» EXERCISE INSTRUCTIONS:
With the pictures omitted, repeat exactly the lines below starting with the line that has "コレクションケース メガネケース サングラスケース" and going on through the line that has "Off-white oversized shirt".

» SUPPLIED MATERIAL:
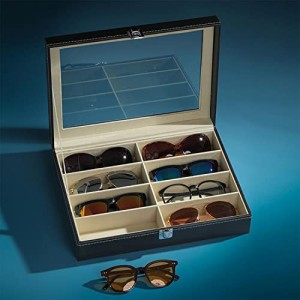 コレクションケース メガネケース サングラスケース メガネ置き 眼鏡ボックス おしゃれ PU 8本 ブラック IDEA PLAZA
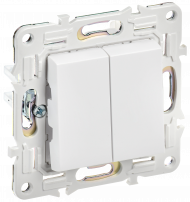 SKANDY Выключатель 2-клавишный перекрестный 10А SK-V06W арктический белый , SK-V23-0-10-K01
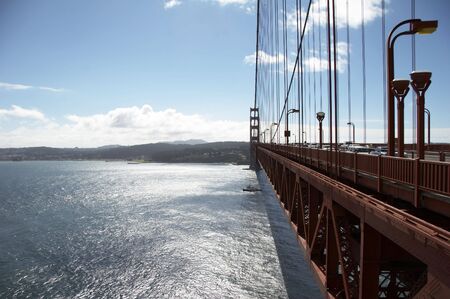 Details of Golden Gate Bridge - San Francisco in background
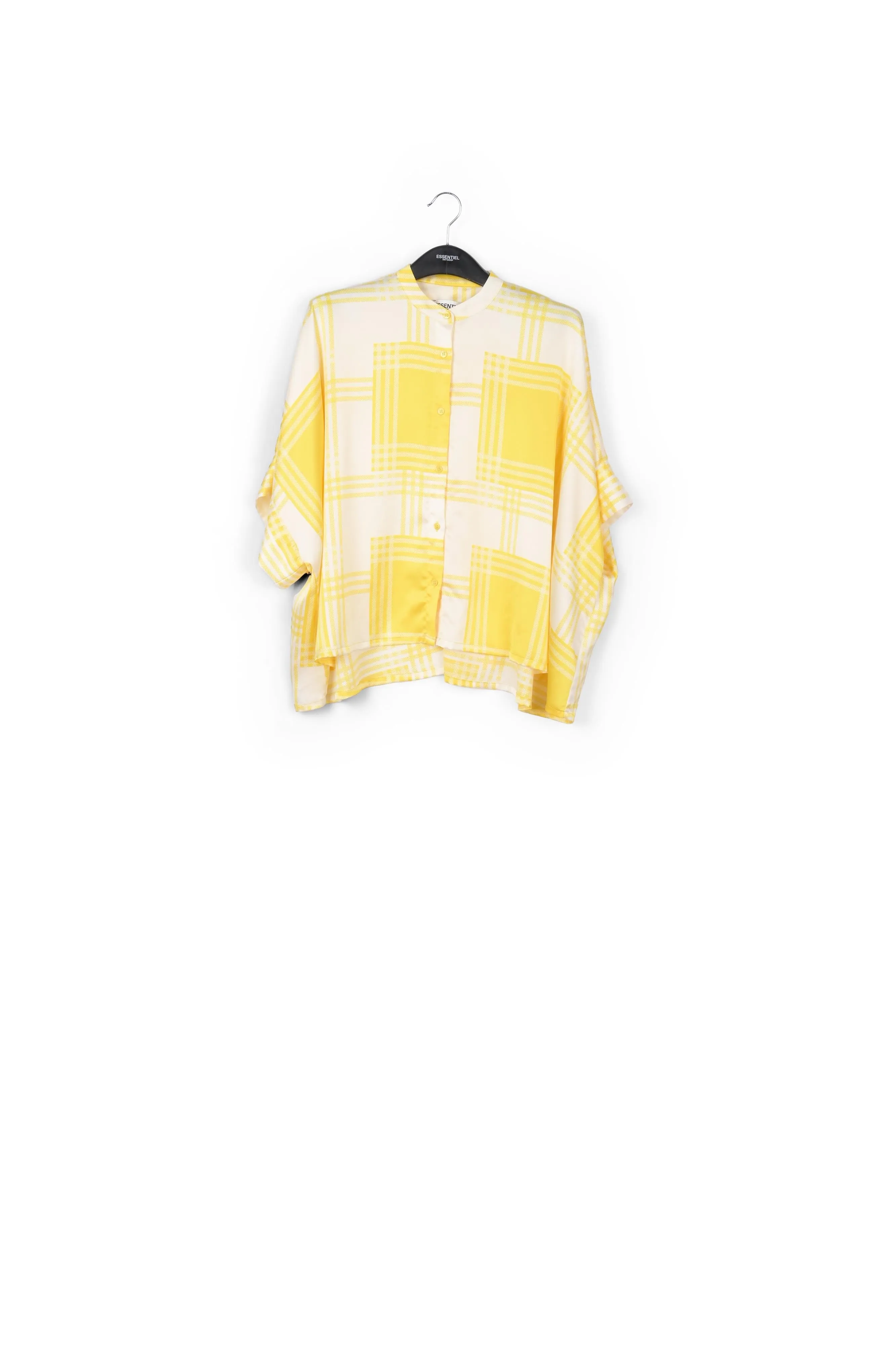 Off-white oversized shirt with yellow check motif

--

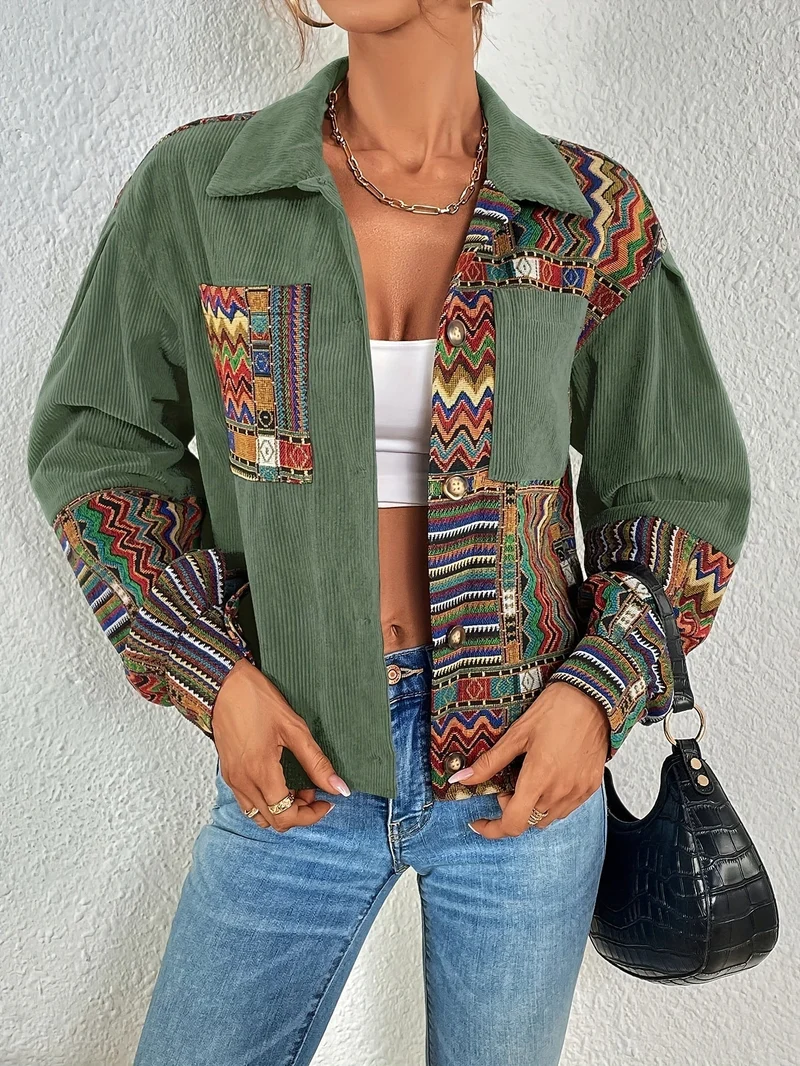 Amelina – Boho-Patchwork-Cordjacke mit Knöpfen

» ANSWER FOR THE TASK:
 コレクションケース メガネケース サングラスケース メガネ置き 眼鏡ボックス おしゃれ PU 8本 ブラック IDEA PLAZA
 SKANDY Выключатель 2-клавишный перекрестный 10А SK-V06W арктический белый , SK-V23-0-10-K01
 Details of Golden Gate Bridge - San Francisco in background
 Off-white oversized shirt with yellow check motif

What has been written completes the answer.